There are two types of synapses:
- Chemical synapse
- Electrical synapse
The first one is the one you are asking about. The second one corresponds to the faster synapse you are imagining. It consists of two neurones connected by a gap junction. Gap junction form a cytoplasmic bridge between the neurones and thereby allow electrical signal to directly go from one neuron to the next through ion diffusion without converting to chemical signal.

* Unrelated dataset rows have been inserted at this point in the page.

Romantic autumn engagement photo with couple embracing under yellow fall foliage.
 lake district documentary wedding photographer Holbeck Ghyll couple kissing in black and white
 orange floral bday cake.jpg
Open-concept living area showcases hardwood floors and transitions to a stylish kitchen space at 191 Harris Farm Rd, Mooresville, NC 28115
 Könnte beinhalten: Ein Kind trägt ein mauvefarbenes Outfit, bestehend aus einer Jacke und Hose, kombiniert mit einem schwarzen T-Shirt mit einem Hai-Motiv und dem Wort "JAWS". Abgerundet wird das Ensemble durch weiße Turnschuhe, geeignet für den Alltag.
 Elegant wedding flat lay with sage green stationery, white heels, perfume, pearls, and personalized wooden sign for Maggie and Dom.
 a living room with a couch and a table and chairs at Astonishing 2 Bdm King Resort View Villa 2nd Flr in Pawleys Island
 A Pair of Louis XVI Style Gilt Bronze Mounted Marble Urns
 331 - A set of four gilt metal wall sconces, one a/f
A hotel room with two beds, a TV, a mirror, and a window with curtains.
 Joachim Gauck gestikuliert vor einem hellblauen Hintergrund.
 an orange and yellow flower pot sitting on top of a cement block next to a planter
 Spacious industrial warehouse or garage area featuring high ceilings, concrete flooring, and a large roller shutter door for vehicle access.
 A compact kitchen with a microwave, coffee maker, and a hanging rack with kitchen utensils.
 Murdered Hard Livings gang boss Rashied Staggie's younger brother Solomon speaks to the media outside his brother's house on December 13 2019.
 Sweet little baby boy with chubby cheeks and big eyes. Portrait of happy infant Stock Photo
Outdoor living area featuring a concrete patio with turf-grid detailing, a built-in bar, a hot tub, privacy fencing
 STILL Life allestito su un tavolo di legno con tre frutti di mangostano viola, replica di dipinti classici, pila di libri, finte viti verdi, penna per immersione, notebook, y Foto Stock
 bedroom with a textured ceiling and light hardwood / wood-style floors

The second one implies release of chemicals (neurotransmitter) in the synaptic cleft, the extracellular space between the two neurons. It is indeed slower than the electrical synapse. However, unlike the electrical synapse, it enables a variety of postsynaptic effects. Some neurotransmitter elicit excitatory effects, some elicit inhibitory effects (electrical synapses where the presynaptic side is an axon only allow excitatory effects). Some postsynaptic receptors to neurotransmitter are ionotropic whereas some are metabotropic. The former are neurotransmitter-gated ion channels, which means that they let specific ion cross the postsynaptic plasma membrane when they bind neurotransmitter. The latter trigger intracellular chemical reactions, such as production of cAMP, which is a companent of a signalling pathway and can for example influence the expression level of specific genes.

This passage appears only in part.